#### [STORED DATA]
= Beginning of Section =
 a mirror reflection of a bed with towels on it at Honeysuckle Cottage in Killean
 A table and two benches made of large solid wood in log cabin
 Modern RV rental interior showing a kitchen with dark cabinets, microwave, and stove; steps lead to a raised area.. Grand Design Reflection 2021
= End of Section =
#### [PROBLEM STATEMENT]
What you return should match every line above exactly.

#### [ANSWER]
 a mirror reflection of a bed with towels on it at Honeysuckle Cottage in Killean
 A table and two benches made of large solid wood in log cabin
 Modern RV rental interior showing a kitchen with dark cabinets, microwave, and stove; steps lead to a raised area.. Grand Design Reflection 2021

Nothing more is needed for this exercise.